The De Gruyter-Arendt Center Lecture in Political Thinking series aims to promote and foster the legacy of Hannah Arendt’s thought. A partnership between the Hannah Arendt Center (HAC) at Bard College and De Gruyter publishing, the lecture will be delivered annually by a prominent scholar. De Gruyter explicitly intends for the lecture series to be open to a broad approach to Arendt across the disciplines of not only philosophy and political theory but the humanities and social sciences more generally. The Lecturer is selected by the HAC in consultation with previous Lecturers and De Gruyter.
 
Neil Roberts: De Gruyter-Arendt Center Lecture in Political Thinking
Keynote Address, March 2025: “Of Strivings for the Revolutionary Spirit”

ABSTRACT:
[T]he effort to recapture the lost spirit of revolution must, to a certain extent, consist in the
attempt at thinking together”.
—Hannah Arendt (1963)

[P]olitical liberty was nothing if the liberty of the spirit was unattained. This was the
revolutionary intention”.
—Sylvia Wynter (1968/69)

Needless to say, we do more than just survive.”
—Walter Rodney (1969)

A conference on Hannah Arendt and Black political thought may be jarring, if not altogether improbable, for some persons to comprehend. Yet it very well might be needed now more than ever. This keynote address examines strivings for the revolutionary spirit and what such strivings
reveal about the contours of modern Black political thought and Arendt studies between past and future.

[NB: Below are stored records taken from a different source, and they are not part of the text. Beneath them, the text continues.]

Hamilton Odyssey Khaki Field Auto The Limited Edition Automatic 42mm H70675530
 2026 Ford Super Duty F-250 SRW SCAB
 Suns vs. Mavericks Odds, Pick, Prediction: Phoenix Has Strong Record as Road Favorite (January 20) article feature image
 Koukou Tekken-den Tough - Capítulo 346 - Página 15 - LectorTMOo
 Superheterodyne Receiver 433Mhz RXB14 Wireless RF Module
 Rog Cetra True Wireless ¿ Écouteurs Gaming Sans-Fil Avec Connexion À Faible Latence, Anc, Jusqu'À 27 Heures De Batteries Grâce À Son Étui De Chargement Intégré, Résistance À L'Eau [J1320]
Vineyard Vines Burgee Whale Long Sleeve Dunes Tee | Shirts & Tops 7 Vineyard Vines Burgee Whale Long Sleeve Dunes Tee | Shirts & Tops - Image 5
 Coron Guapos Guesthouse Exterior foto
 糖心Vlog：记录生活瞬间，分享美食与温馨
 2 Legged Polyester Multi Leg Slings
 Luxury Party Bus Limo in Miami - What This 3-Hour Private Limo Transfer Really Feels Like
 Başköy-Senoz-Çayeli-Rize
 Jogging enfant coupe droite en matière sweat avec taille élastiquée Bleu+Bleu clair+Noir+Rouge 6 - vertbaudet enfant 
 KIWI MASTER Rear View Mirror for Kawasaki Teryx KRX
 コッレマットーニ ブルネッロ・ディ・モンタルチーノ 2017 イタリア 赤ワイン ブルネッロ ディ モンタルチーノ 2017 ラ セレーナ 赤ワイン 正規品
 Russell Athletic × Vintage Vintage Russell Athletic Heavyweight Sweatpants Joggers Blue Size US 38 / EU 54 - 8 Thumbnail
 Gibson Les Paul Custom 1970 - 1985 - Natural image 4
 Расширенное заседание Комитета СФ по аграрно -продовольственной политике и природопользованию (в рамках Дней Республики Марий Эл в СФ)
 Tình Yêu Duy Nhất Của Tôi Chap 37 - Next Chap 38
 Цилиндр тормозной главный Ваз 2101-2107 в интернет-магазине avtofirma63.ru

The 2025 De Gruyter-Arendt Center Lecture in Political Thinking proceeds in four parts. First, it describes core claims from Neil Roberts’s collaborative book, Creolizing Hannah Arendt (2024), on the notion of creolization and the centrality of thinking—particularly the idea of
“creolizing thinking.” It discusses, in turn, the following key questions in Africana thought that help frame this endeavor: the identity question, the equality question, and the freedom question.

Second, the lecture defines what we mean respectively by “revolution” and “the revolutionary spirit.” Discerning the latter (both lost and recaptured) involves negotiating the conflicting strivings for lasting stability on the one hand and new beginnings, or natality, on the other hand. Careful attention to the landscape of intellectual traditions is also essential to critical assessments of these strivings. This facilitates the interpretation of experiences and ideas including enslavement, totalitarianism, prejudice, racism, violence, love, liberation, action, freedom, the human, and power, among other categories.

Third, the lecture pivots more narrowly towards the years 1968-1970 and the lives and work then of three intellectuals whom, when analyzed together, as often isn’t the case, illuminate strivings for and challenges to the revolutionary spirit: Hannah Arendt, the German-Jewish émigré political theorist; Sylvia Wynter, the Jamaican novelist, philosopher, and cultural critical; and Walter Rodney, the Guyanese Pan-Africanist and historian of political thought.

The lecture’s final part is a reflection on creolizing Arendt, creolizing thinking, and the benefits and costs of revolution for Afromodern actors imbued with the revolutionary spirit.